A Tokyo, il semble bien que l'inspecteur Kusanagi et son équipe soient cette fois confrontés au crime parfait. L'arme du crime : une tasse de café empoisonné à l'arsenic. Jusqu'ici, du classique. Ce qui l'est moins, ce sont les circonstances du meurtre. En effet, la victime, Yoshitaka Mashiba était apparemment seul dans l'appartement au moment où il a absorbé le poison. La piste du suicide étant rapidement écartée, le mystère reste entier. Qui et comment ? L'épouse de Mashiba, la belle Ayané qu'il venait d'informer de sa décision de la quitter ? Mais elle était à Sapporo dans sa famille. La maîtresse de Mashiba, Hiromi Wakayama qui était aussi l'assistante d'Ayané ? Peu probable au fur et à mesure des investigations. Alors que Kusanagi tombe sous le charme de Mme Mashiba, sa collègue, Kaoru Utsumi semble au contraire persuadée de la culpabilité de la dame. Convaincue qu'elle a utilisé un stratagème pour empoisonner le café pendant son absence, Kaoru fait appel à un physicien, Yukawa dont la police a déjà utilisé les services pour tenter de résoudre scientifiquement ce mystère.

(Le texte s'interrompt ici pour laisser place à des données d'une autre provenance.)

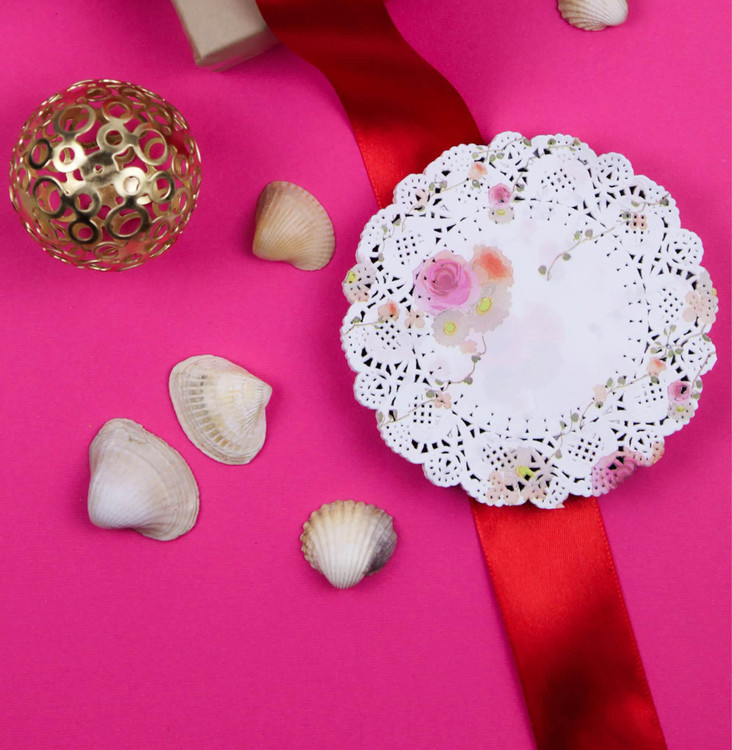 کاغذ گیپور سفید گلدار ۱۱.۵ سانتی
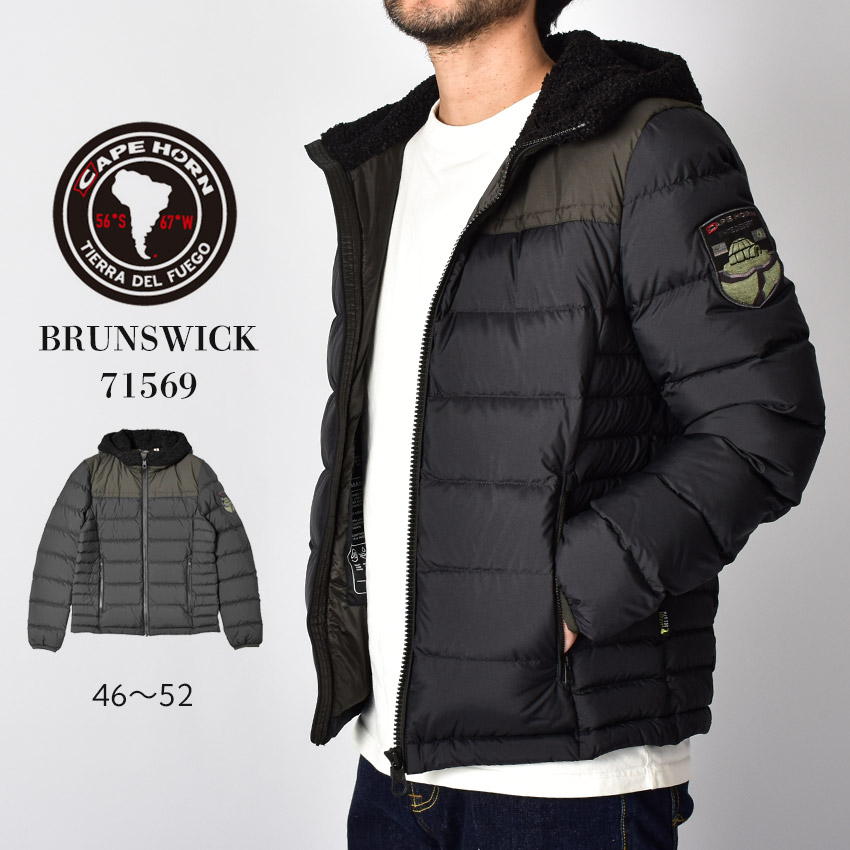 楽天市場】ケープホーン ダウンジャケット CAPE HORN BRUNSWICK メンズ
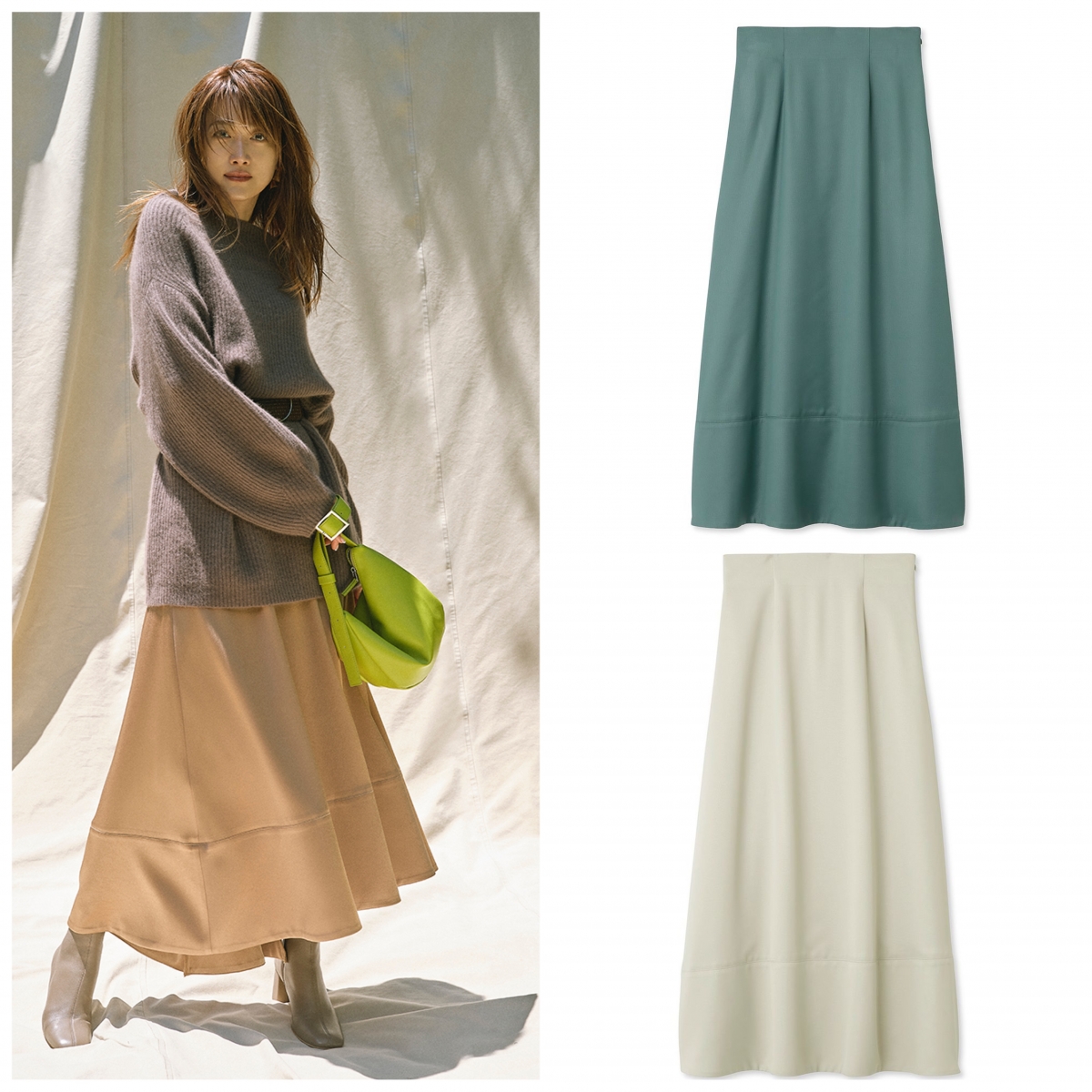 新作！サテンフレアスカート | FRAY I.D | ショップブログ | 渋谷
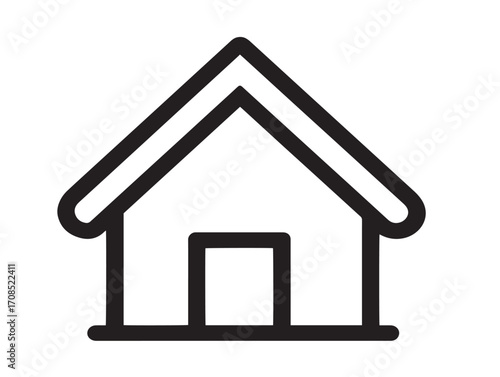Fun celebration house party illustration in decorative clean line vector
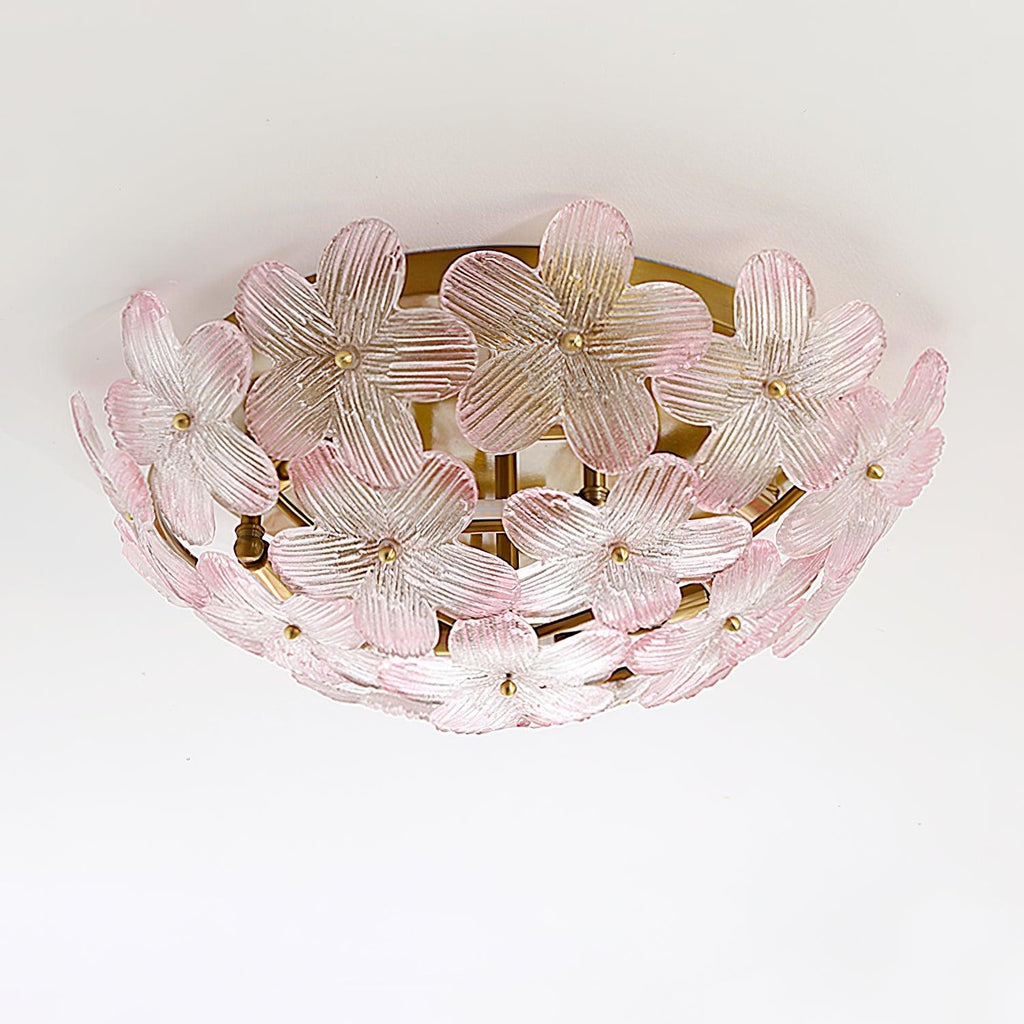 Anan Floral Glass Ceiling Light — product view 2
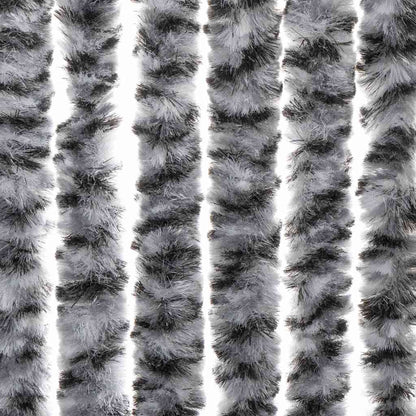 Fly Curtain Grey and Black and White 90x200 cm Chenille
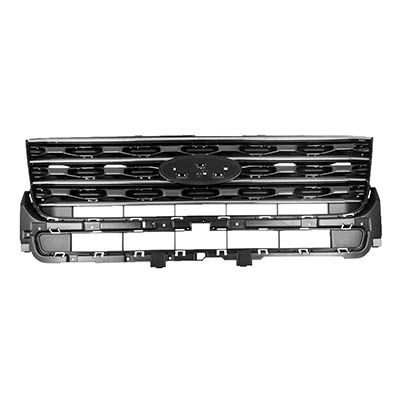 FORD TRUCKS & VANS EXPLORER  GRILLE ASSY (BASE/LIMITED) OEM# FB5Z8200AB 2016-2017 PL# FO1200577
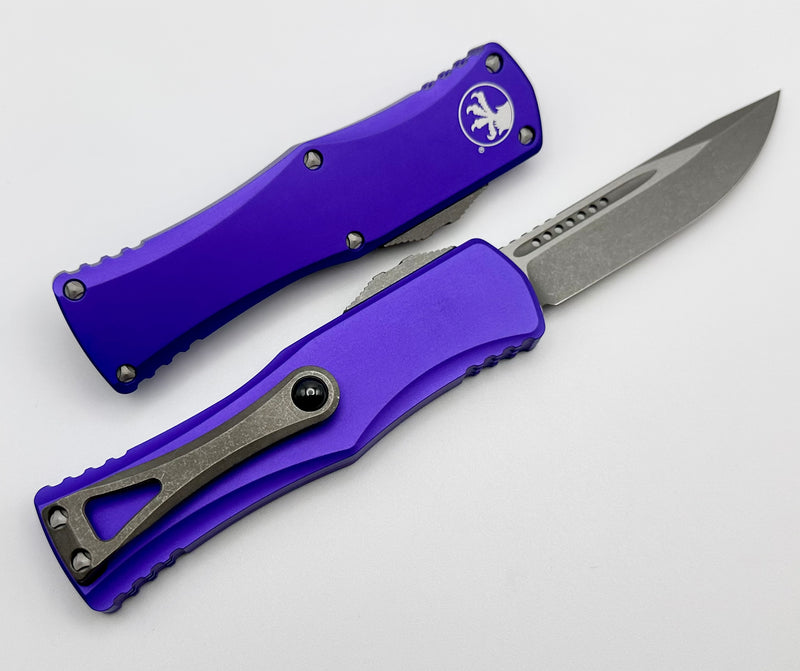 Microtech Hera Single Edge Apocalyptic Standard & Purple 703-10APPU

Mais il va aussi leur falloir remonter dans le passé de Mashiba et en apprendre plus sur son comportement singulier avec les femmes pour commencer à entrevoir un début de vérité...
Ce qui est réjouissant avec ce polar c'est la délicatesse avec laquelle se déroule l'intrigue. On est loin des violences aux forts relents d'hémoglobine. Loin également des gros sabots et des déductions tirées par les cheveux. Place à l'intuition, à la réflexion, à la déduction. Tout ceci réalisé avec une exquise politesse, à la japonaise, qui n'a rien à envier au flegme britannique. On est ici tout à fait dans la lignée d'une Agatha Christie et l'on prend plaisir à se creuser les méninges pour tenter de comprendre comment ce poison a bien pu atterrir tout seul dans cette tasse. Et qui a dit que la politesse empêchait le machiavélisme ?
J'ai juste regretté que les personnages des enquêteurs ne soient pas un peu plus fouillés, qu'on n'en sache pas plus sur leurs vies respectives car le couple professionnel formé par Kusanagi et Kaoru semble prometteur (mais je crois que ces héros deviennent récurrents par la suite, tout comme le physicien Yukawa).
Jolie découverte. Un auteur que je range dans la liste de ceux auxquels je resterai attentive et dont je relirais un autre opus avec plaisir.
"Un café maison" - Keigo Higashino - Babel noir - 335 pages (traduit du japonais par Sophie Refle)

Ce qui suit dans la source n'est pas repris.